Tuesday, July 18, 2017

It Makes Them Worse

A recent study in Britain confirms that austerity has serious consequences. Owen Jones writes:

Let us take a moment to reflect on what the Tories have done to this country. They made apocalyptic warnings of what would happen if they did not eliminate the deficit by 2015; they didn’t get close, and now that target has vanished off to the distant mid-2020s. They added more debt then every Labour government. They battered disabled people with cuts and slashed support for the working poor. They presided over the longest squeeze in wages since the 19th century, and the worst peacetime record of housebuilding since the 1920s. And now we know they have presided over a fall in the rate of increase in life expectancy.

And yes, the combined effects of the bankers’ crash and austerity did kill in Britain.
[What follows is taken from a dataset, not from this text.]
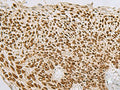 TP63 Polyclonal Antibody – Figure 1 of 2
Until Lehman Brothers came toppling down, the number of men taking their own lives was steadily falling. Then it began to climb again: hundreds of people died who – if the previous trend had continued – would still be with us today. And at the end of 2015, Britain endured the biggest jump in mortality rates for nearly half a century. As Liverpool University’s Dr Mark Green put it: “It is plausible that the impacts of cutbacks in public services are beginning to materialise.”

The mantra was "short term pain for long term gain." But the results are in. And it's clear that austerity has not resulted in progress:

And yet new research by an ex-government adviser, Sir Michael Marmot, suggests that the rise in life expectancy – a constant trend for a hundred years – has stalled since 2010. What happened that year, exactly? Was that not when David Cameron, George Osborne and their Lib Dem stooges began slashing public services with a false economic pretext?

No, it’s not that life expectancy is declining. That really would be the sign of a social calamity in a country as advanced as this. But we are still talking about the robbing of life. People’s lives have been truncated, because they are not living as long as they should have done if the rate of increase had continued. And terrifyingly, this rate of increase is “pretty close to having ground to a halt”, says Marmot. He is “deeply concerned” and “expected it to just keep getting better.”

Marmot does not make the claim that cuts are responsible. What he does say is that, in 2010, ministers made a “political decision” to cut spending; and he highlights the “miserly” recent spending on health and social care.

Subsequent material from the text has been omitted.